If you read the last post by Gigg on design and development teams pairing, you know that here at Tandem, the developers have it easy.
We take a design-focused approach to problem solving, which means a successful product has already been well crafted by our design team long before myself and the development team begin our contribution. In a hugely unfair generalization, here is how the typical project plays out:
- We consult with the client on scope, budget, etc.
- Design team performs field research and user interviews
- Design team recognizes the problem that the product is intended to solve
- Design team maps out a storyboard based on research and persona testing
- Design team iterates on diagrams and wireframes
- User stories are written and continuously iterated on
- Dev team starts implementation
- Design team produces high-res mockups and style guides
- Design team answers a million questions from dev team about user interactions and state
- Dev team iterates on the stories until a polished solution is produced
Why am I telling you this? To point out how much upfront work is accomplished by the design team at the onset (and throughout) a project’s lifecycle. Knowing the design effort that goes into a project, the dev team is fully committed to being pixel perfect on every implementation. It just wouldn’t be right to leave something omitted or to deliver unpolished work.
Dev & Designer Pairing
Design and UX is fascinating and so important to build product momentum. I love learning about it from the awesome design team here. When the idea was discussed that I pair* with Gigg, I was ecstatic. Not only would she bring her wonderful energy to the pairing station, but I also stood to gain a lot insight into what product design really entails. I know what I like from a product, but I often neglect the general use case.
* We love pair programming, this is my favorite post on the topic
This was pure comedy.
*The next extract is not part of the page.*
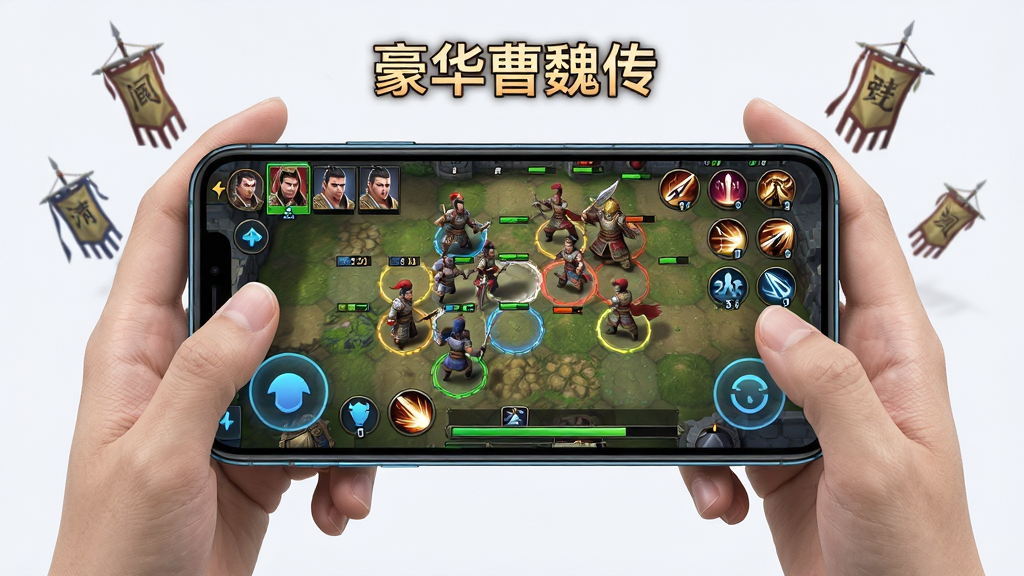 手机屏幕显示战棋游戏战斗界面,主体为掌中手机与悬浮的游戏战场,布局为手机居中、战场元素环绕四周,排版突出移动端操作按钮,风格为科技感游戏展示图,细节包含触控按钮、武将头像栏、技能图标与进度条,画质清晰、干净、无多余元素,画面中打文字“豪华曹魏传”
We would be ready to start pairing and every day, without fail, the first question I would ask was, “Gigg, where is the terminal!?” It just wasn’t a tool that she routinely used. By pairing, I think she realized some benefits to knowing how to use the computer from the command line.
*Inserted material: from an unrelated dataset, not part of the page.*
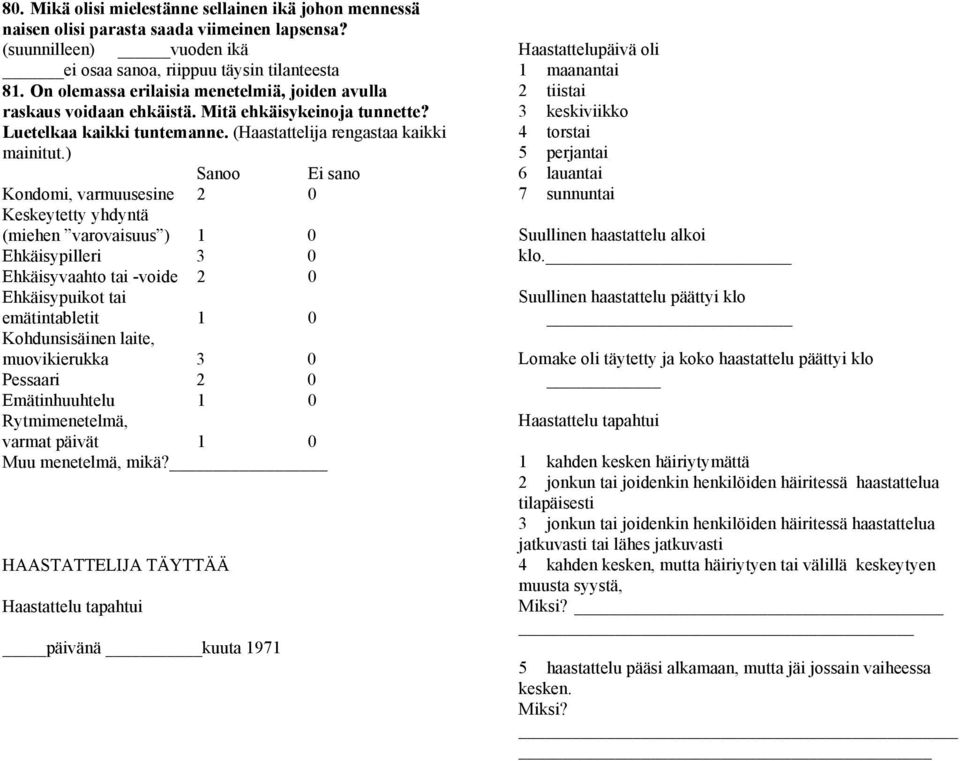 ) Sanoo Ei sano Kondomi, varmuusesine 2 0 Keskeytetty yhdyntä (miehen varovaisuus ) 1 0 Ehkäisypilleri 3 0 Ehkäisyvaahto tai -voide 2 0 Ehkäisypuikot tai emätintabletit 1 0 Kohdunsisäinen laite,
Other machine customization options were left up to her. I have my specific key bindings, aliases, and bash profile options, but did not pollute her world with my own craziness. Key mapping CAPS LOCK into CONTROL was the only option I really needed…
Gigg wrote a lot about setting up our Sass variables in order to maintain consistency. Pairing with her made this process insanely easier. Instead of me having to dig through a bunch of Sketch files* to find out how many different shades of gray were needed, she pretty much nailed it instantly. The designer has a better inventory of the various pages and how shared components are used throughout. We were able to turn that knowledge into simple CSS so anyone joining the project down the road would feel safe doing styles.
As Gigg would perform consistency checks, I would help to validate the designs. Sometimes, the design just doesn’t look the same when it’s loaded up in a browser. Add a little padding there? Bump that font size? Okay! What is the interaction when this button is clicked? Do we change the state on hover? Constantly resizing the screen and ensuring responsiveness was now a shared responsibility. Having a designer as a pair was key to getting these types of questions answered efficiently.
* Biiiiig fan of using Zeplin for implementation. To a developer, the tagline could be “Just like Sketch, but with 10x less clicks”….
Sometimes, a mockup just isn’t enough for me. Those box shadows are quite hard to see, but the designer knows exactly what is needed. Having a second set of eyes on design implementation is definitely a productivity boost.
Our team structure often changes due to project / staffing demands. Another perk of using a dev/design cross-functional pair is that terminology becomes simple, consistent, and aligned accross both sides of the team. We can use an opaque term like “drop header” and the designers and developers know exactly what component is being referenced.
At Tandem(software development company), the team participates in a group project retro once a week. These retros are crucial to our success, as they help us uncover problems, brainstorm on improvements, and keep rocking with what is working. In a retro, I mentioned that I was having trouble tracking all the design tweaks. Mockups were changing quickly and there was not a good way for me to follow the history or track what was left to tackle.
Gigg and I recommended that we try pairing together, the team endorsed the idea — and from there we knocked out the design implementation in less time and with fewer mistakes than usual. I can’t wait until we are able to do this again. We can continue to learn new skills and deliver great products as a team, plus it’s realllllly fun to pair with Gigg.